27. Once our basic template or text frame is ready to hold data, we’ll now import the XML once again to fetch the complete data. Select Import XML from the File menu or fly-out menu of the Structure pane. You’ll see the Import XML dialog box. Select the XML file you want to import and check Show XML Import Options and Merge Content and click Open.
28. You’ll be prompted again with another dialog box full of options. This time we’ll select some of the options, as shown in the image (described below). Click OK button to import the XML.
Create Link — This option will create a link, which will allow us to update the text without re-importing if any changes are made to the original XML file. This is similar to an image link.
Clone repeating text elements — In our template, we formatted only one record and applied tags to it. This Clone option will clone/duplicate this one instance to all the records in the XML file.
Only import elements that match existing structure — We have used only 4 tags in our template but there are 12 tags in the XML file. This option will ignore all the unused tag(s).
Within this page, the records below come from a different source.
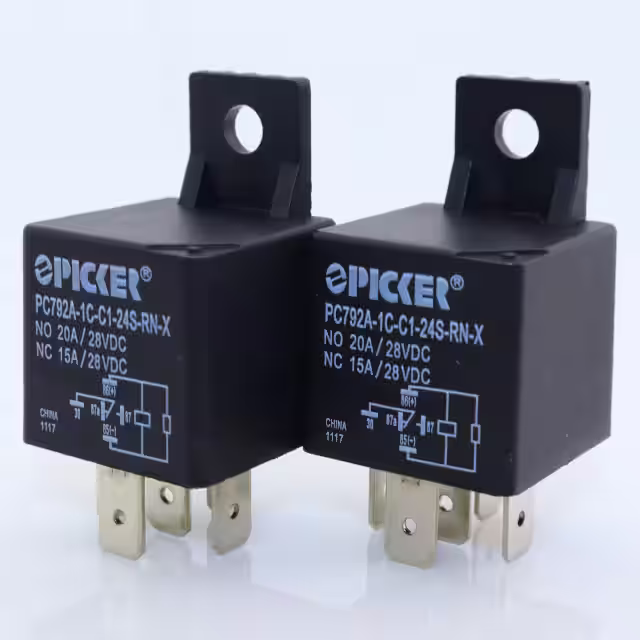 PC792E-1C-C-12C-RN-X Picker Components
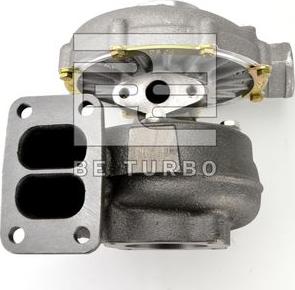 BE TURBO 125034 - Turbocompressore, Sovralimentazione www.autoricambit.com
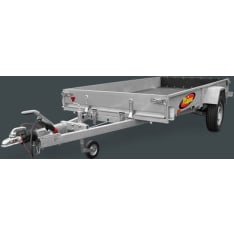 Majava M 5030 J LJ 1350 kg (B) peräkärry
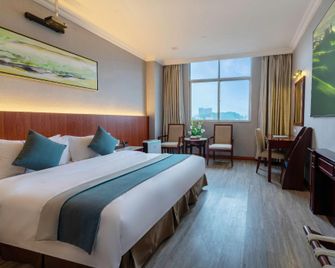 Magnolia Hotel - Shenzhen - Bedroom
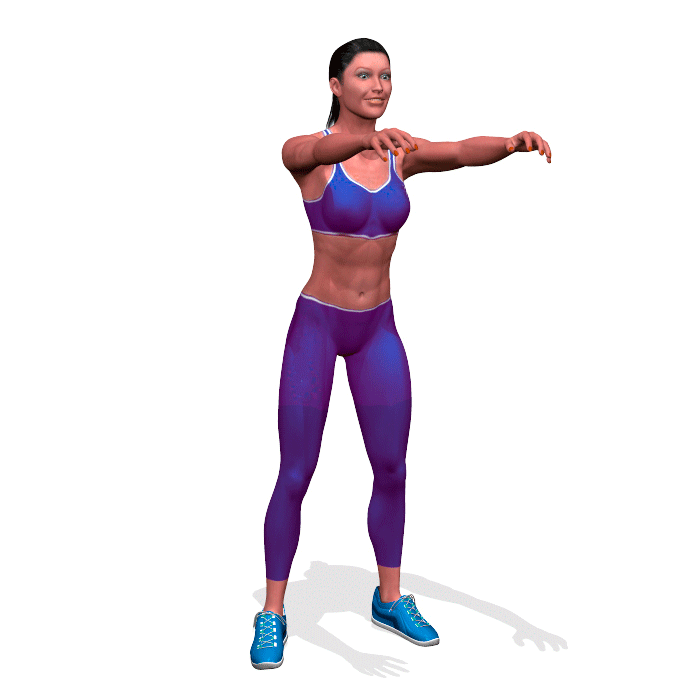 weighted-lunges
Do not import contents of whitespace-only elements — In the beginning, when we imported a record, we saw that it also bought the spaces, tabs, and returns along with the text. This option will ignore all those extra spaces and import the text only in the desired layout.
29. All the desired data gets imported into the document and is formatted.
30. If you open and look at the tags in the Structure Pane, you’ll see that every record now contains only 4 tags instead of 12 tags in each child tag.
31. If you look at the Links panel, you’ll see the name of the XML file, which means that any changes made to the XML file can be updated instantly in the InDesign file, without re-importing.
32. Let’s try this by making a small change to the XML file. XML can be edited in any text editor. I have used Adobe ExtendScript Toolkit here. In the third record, (line three of the InDesign file), I have changed the title from “Agricultural Technician“, to “Farming Technician“.
33. As soon, I save the XML file, the Links Panel will show that the file has been modified.
34. After updating the XML file (link), the text gets updated in the InDesign Document.
Off to a Good Start
Since I’m still a novice in XML, this is just a basic workflow but it was good enough to get the job done. I didn’t attempt to use features like XSLT (which is beyond my expertise) to transform the data. If you have any thoughts or advice on how to improve this workflow, please share them in the comments.